Game Watcher recently sat down with the CEO Martin Wahlund of Fatshark regarding the quality of Escape Dead Island, and he had some choice words:
Regarding Escape Dead Island, and Vermintide 2, the key thing as a developer is to control your release date. When you don’t, you might end up releasing games that might not be at the quality you’d like. For many developers that’s super hard. They can get financial investors who want a return of their money, a publisher who has put a lot of money into marketing at a certain point when they expect the game to be done, or they could just run out of money.
It’s actually a rare thing where you can control your release date! When you run with a publisher – and this is not blaming any publishers! – they’re spending a lot of money on the project. They have a maximum budget they want to spend over a risk/reward scenario, they have a marketing budget and maybe they’ve started spending it already, and there are a lot of internal politics at publishers as well. The marketing department might have a slot because they have a report from the management regarding the fiscal year ending or something, and they want to get the game out before then. There’s a lot of stuff like that when you’re dealing with publishers, and these kinds of events can effect the quality of some games.

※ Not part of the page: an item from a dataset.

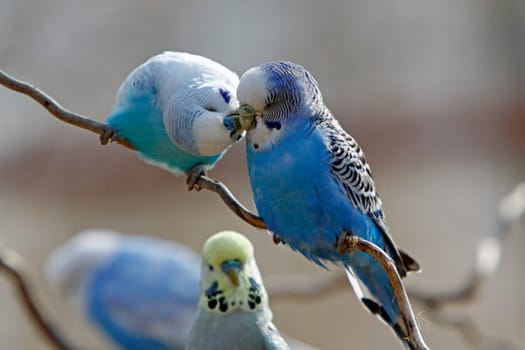 Budgies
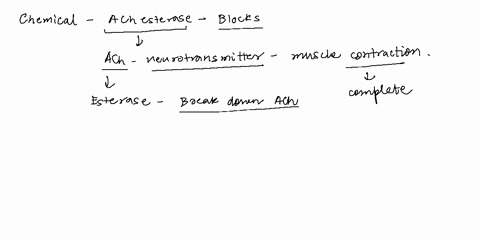 consider-a-chemical-that-blocks-the-action-of-acetylcholinesterase-what-effect-does-this-have-on-muscles-31-multiple-choice-8001833-it-would-cause-paralysis-it-would-cause-action-potentials-59191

Not specifically referring to anyone regarding Escape Dead Island of course!
According to Wahlund, many of Escape Dead Island’s problems can be sourced to a rushed development cycle. Publisher Deep Silver wanted the game out by a specific date, and Fatshark had to oblige. The developers weren’t given enough time to polish the game, resulting in a sub-par product. However, Vermintide and Vermintide 2 are self-published games, which allowed Fatshark to push back the release date when they required extra work.
Many gamers these days complain about video games releasing in buggy, unfinished states. While extra time can definitely help developers polish their games, occasionally games are flawed mechanically and no amount of polish will ever fix them. Other times, a studio simply lacks the talent to make a good game, let alone polish it. In Wahlund’s case, though, Fatshark is definitely filled with talented individuals capable of making good games, Vermintide chief among them. With the exception of Escape Dead Island, Fatshark has self-published its entire library of games, and all them were better received than Escape Dead Island. While this might not apply to all developers, controlling the release date of a game seems to only help Fatshark.
Warhammer 2: Vermintide releases March 8th for the PlayStation 4, PC, and Xbox One.